Copy each line exactly, starting with the one that contains "Брендированные пряники-сердца Hadat" and stopping after the last line of the material below, with nothing else.

Data extract »
=======

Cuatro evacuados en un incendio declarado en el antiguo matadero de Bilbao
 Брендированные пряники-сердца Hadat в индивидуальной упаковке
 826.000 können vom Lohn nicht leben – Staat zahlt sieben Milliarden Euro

=======

Answer to this task »
 Брендированные пряники-сердца Hadat в индивидуальной упаковке
 826.000 können vom Lohn nicht leben – Staat zahlt sieben Milliarden Euro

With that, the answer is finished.